> **INFORMATION SUPPLIED**
# # # # # # #

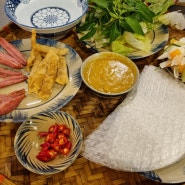 베트남 달랏 넴느엉 맛집 , 야시장 근처 곡하탄(웨이팅 많음)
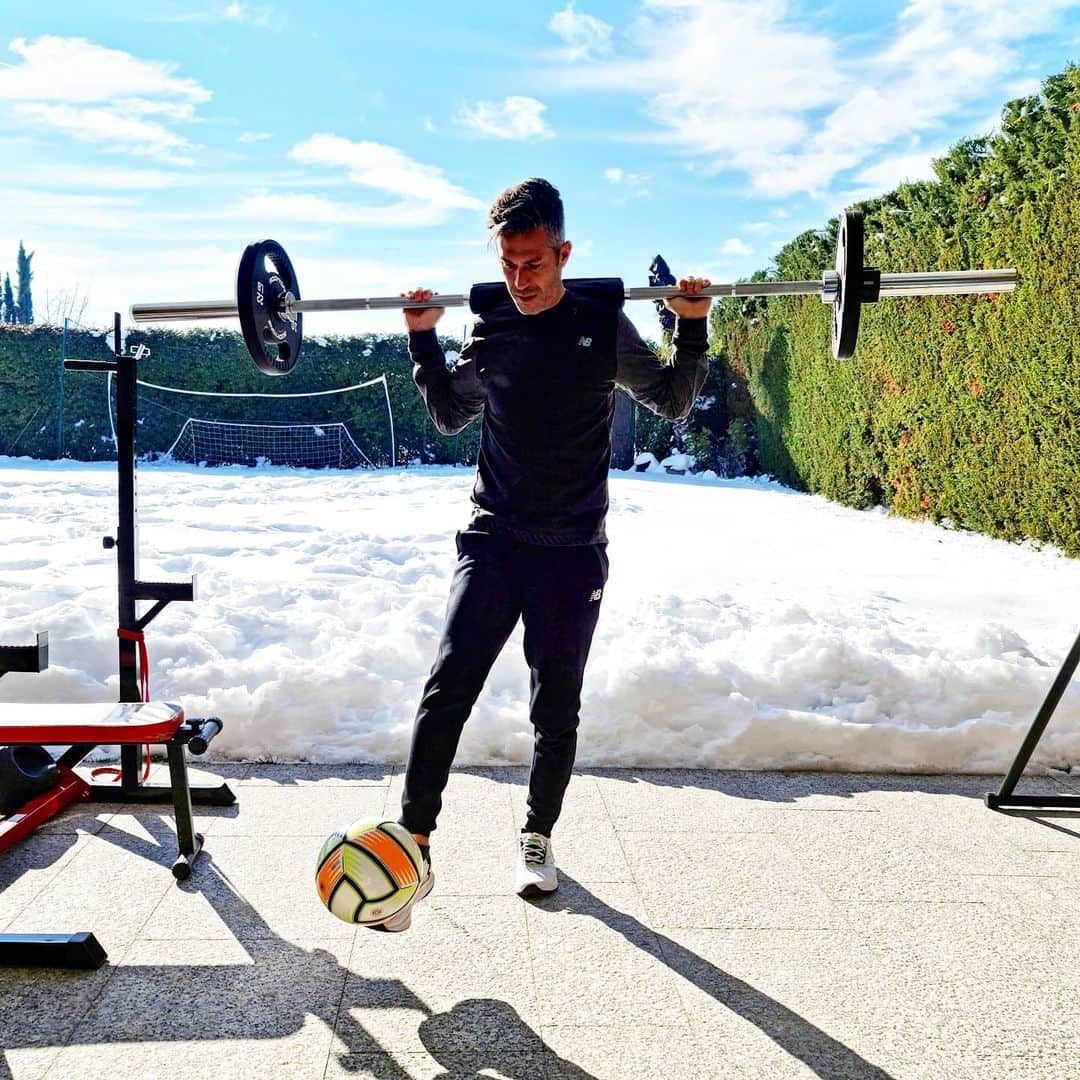 ルイス・ハビエル・ガルシア・サンスのインスタグラム：「Always liked to try things. Today, after the workout, I was juggling with the ball as always, to end the session and I though, let's try and mix them both. Left you a challenge on the stories... Can you do keep ups with weights on you ? Don't have to be too heavy but... let's give it a try !! #MoreThanaGame #challenge #nopainnogain」
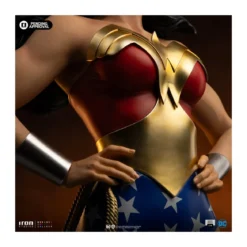 Iron Studios DC Comics - WONDER WOMAN DC TRINITY - Legacy Replica 1/4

# # # # # # #

> **TASK OBJECTIVE**
Word for word, repeat all the data, but not its images.

> **EXERCISE ANSWER**
 베트남 달랏 넴느엉 맛집 , 야시장 근처 곡하탄(웨이팅 많음)
 ルイス・ハビエル・ガルシア・サンスのインスタグラム：「Always liked to try things. Today, after the workout, I was juggling with the ball as always, to end the session and I though, let's try and mix them both. Left you a challenge on the stories... Can you do keep ups with weights on you ? Don't have to be too heavy but... let's give it a try !! #MoreThanaGame #challenge #nopainnogain」
 Iron Studios DC Comics - WONDER WOMAN DC TRINITY - Legacy Replica 1/4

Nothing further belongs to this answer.